“Non abbiamo bisogno di pressioni esterne né di incentivi per attuare le riforme”. Pier Carlo Padoan respinge al mittente critiche, dubbi, e rimproveri. L’Italia terrà fede ai propri impegni perché questo è l’impegno assunto. E chi pensa che il nostro Paese possa rappresentare un problema, dice il ministro dell’Economia, si ricreda. È vero, dice in audizione a Strasburgo di fronte alla commissione Affari economici del Parlamento europeo, “abbiamo in Italia un livello di debito pubblico che è molto elevato, ma è sostenibile”.

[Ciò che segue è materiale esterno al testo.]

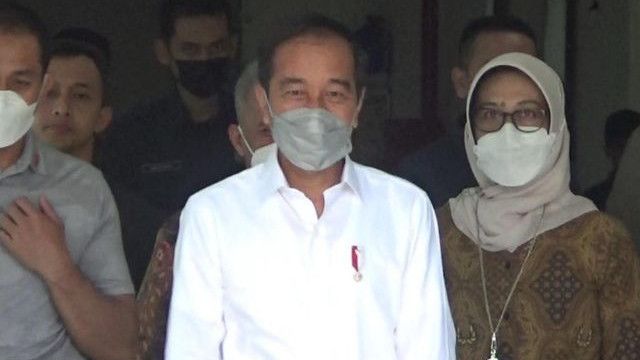 Terbang ke Yogyakarta, Jokowi Jengkuk Cak Nun di Rumah Sakit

Ufficialmente a Strasburgo per esporre i risultati del semestre italiano di presidenza del Consiglio Ue, Padoan, si ritrova chiamato a rispondere di tutt’altro. Di Grecia, innanzitutto, ma qui glissa. “Sono un economista, e quindi non dovrei fare previsioni”, ma non è un mistero – perché è stato detto e ribadito più volte – che “nel percorso doloroso portato avanti deve ancora essere completata l’agenda di riforme”. Gli scenari legati al voto di fine mese? “Sono fiducioso che il nuovo governo terrà conto di questo e continuerà con gli sforzi profusi finora in pieno accordo con le istituzioni europee”, ma in questo momento – ammette il titolare del Tesoro – “la mia preoccupazione è il debito italiano, che è totalmente sotto controllo”. Lo è per le riforme fatte in passato, soprattutto “nel settore delle pensioni”, e perché “le riforme strutturali che abbiamo avviato aumenteranno la crescita”. Sia chiaro: il problema dell’Italia non è solo la recessione in cui il Paese è impantanato da tre anni. Questo governo sta affrontando “una serie infinita di questione in sospeso”, quei “decenni di occasioni perse per correggere” quanto c’era da correggere. L’Italia è in ritardo, e non potrà recuperarlo dall’oggi al domani, anche perché le riforme, quelle vere, hanno tempi tecnici. Per questo servono tempo, “fiducia reciproca”, e soprattutto flessibilità.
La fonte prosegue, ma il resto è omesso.